ARMv8 requires that the stack pointer is 16-byte aligned. One easy solution for stack allocation is that each variable occupies one 16-byte stack frame. However, this is very inefficient since current supported types have size of 8 bytes or less.
The better solution is to keep track of fragmented space on stack. When adding a new variable to the stack, it will check if there is any fragmented stack space is big enough for the variable. It will only increase the stack size by 16 bytes if there is no enough space.
For example, the following Bril program:
main {
a:int = const 1;
b:bool = const true;
c:int = const 1;
d:bool = const false;
}
will have stack allocation like this:
variable | offset |
---|---|
a | 0x0000 |
b | 0x0008 |
c | 0x0010 |
d | 0x0009 |
with free stack space 0x000A~0x000F
and 0x0018~0x001F
.
Program and Functions
Each Bril file contains one program, which is the top-level object.
Therefore, each Bril file can be translated into one AArch64 assembly file.
Similarly, main
function is the entry point for the program.
A function in AArch64 assembly consists a label as the function name and a sequence of instructions.
func-name:
instr1
instr2
...
At the beginning of a function, it will first push all callee-save registers
onto the stack, including the frame pointer (x29
) and the link register (x30
).
Then it will build the symbol table for the current function
and move the stack pointer and frame pointer accordingly to leave enough space
for all variables.
At the end of a function, there is a label indicating the return point.
Before the process returns to the address in link register by ret
,
it needs to pop out all local variables by moving the stack pointer back
and restore all saved register values.
With this design, function calls could be added easily with minor changes for passing parameters.

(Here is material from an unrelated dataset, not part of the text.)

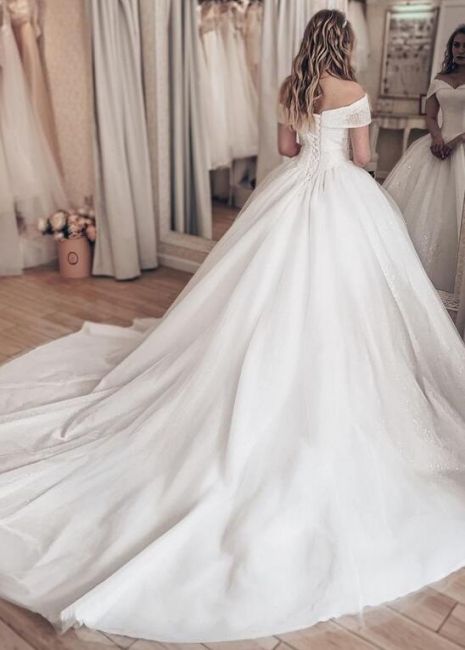 Elegant Off Shoulder Beads With Trailing Popular Bridal Long Wedding Dresses, WDH085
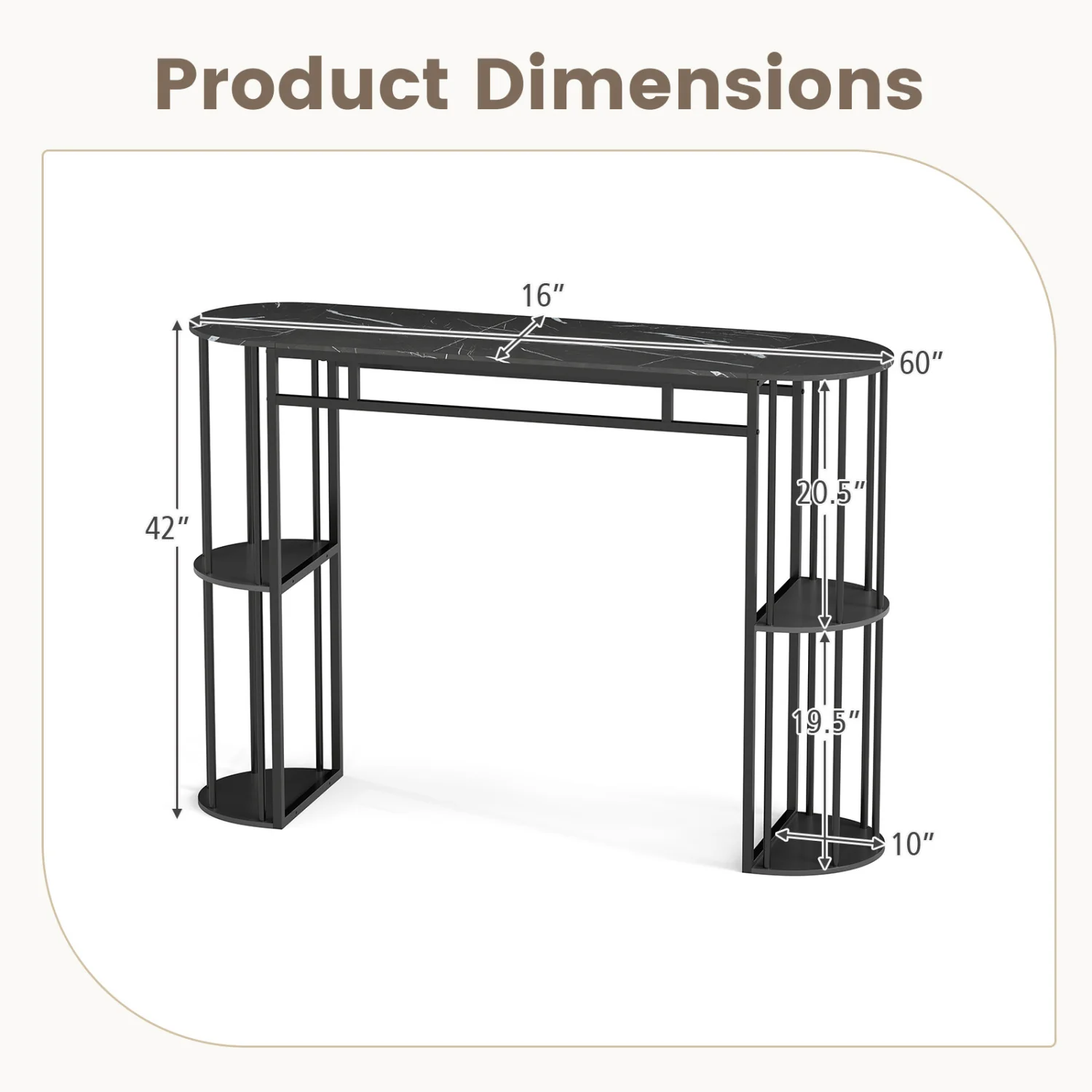60 Inch Long Bar Table Narrow with Faux Marble Tabletop and Storage Shelves, Black - Image 6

Arithmetic and Logic Operations
Arithmetic, logic, and comparison operations are easy to translate.
Bril | AArch64 |
---|---|
add | add |
sub | sub |
mul | mul |
div | sdiv |
and | and |
or | orr |
not | not |
lt | lt |
le | le |
gt | gt |
ge | ge |
eq | eq |
The difference between Bril and AArch64 is the addressing model. AArch64 does the operation directly on the register data. Bril does the operation on variables on the stack, which should be accessed by memory operations.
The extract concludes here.